Naturalmente è “The Irishman” di Martin Scorsese, coi suoi 209 minuti e il supercast formato da Robert De Niro, Al Pacino e Joe Pesci (tutti e tre ringiovaniti al computer), il piatto più atteso. “Scorsese ha scelto Roma per presentare il suo film” gongola il direttore. Diciamo che Netflix, dopo essersi dissanguato spendendo oltre 150 milioni di dollari, ha scelto altri tre festival prima di darlo alla Festa di Roma; ma va bene così, sarà comunque un successo di pubblico e critica quando il filmone su Jimmy Hoffa & dintorni mafiosi passerà all’Auditorium il 21 ottobre. Qualche giorno dopo uscirà in alcuni “cinema selezionati”, ci si augura non troppo selezionati, e dal 27 novembre sarà su Netflix.
Si parte con “Motherless Brooklyn – I segreti di una città” di Edward Norton e si chiude con “Tornare” di Cristina Comencini.
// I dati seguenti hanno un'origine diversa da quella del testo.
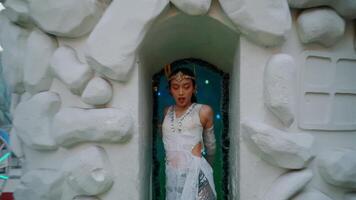 Woman in a white dress posing at a whimsical ice castle entrance. video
In mezzo tanti titoli, anche interessanti sulla carta, i più attesi dei quali, sul versante pop, forse sono: “Downton Abby” di Michael Engler, ispirato alla fortunata serie tv, “Hustlers – Le ragazze di Wall Street” di Lorene Scafaria, “Judy” di Ruper Goold, “Military Wives” di Peter Cattaneo, il documentario “Pavarotti” di Ron Howard, pure il tormentato “Il peccato” di Andrej Končalovskij su Michelangelo.
Tra incontri, retrospettive, ricordi dei defunti, omaggi, sfide tra critici, “riflessi”, “film della nostra vita”, pre-aperture, cotillon musicali, “l’impegno per il sociale e per l’ambiente” e divagazioni varie, questa 14ª Festa corrisponde a una visione esteticamente ecumenica, nella quale, com’è giusto che sia, Springsteen convive con Zeffirelli, i Negroamaro con John Travolta, Kore-Eda Hirokazu con Bret Easton Ellis. Dimenticavo: i due premi alla carriera andranno agli attori, entrambi statunitensi, Bill Murray e Viola Davis. Sulla loro bravura non ci piove.
Ci sarebbe da registrare, infine, di una frase sibillina sempre detta da Monda. “I nostri film vincono gli Oscar” ha scandito citando i casi di “Moonlight” e “Greenbook”; per aggiungere subito dopo: “Prima c’erano altri festival che facevano cose del genere”. Che significa? Se il riferimento è alla Mostra di Venezia, la frecciatina proprio non sta in piedi.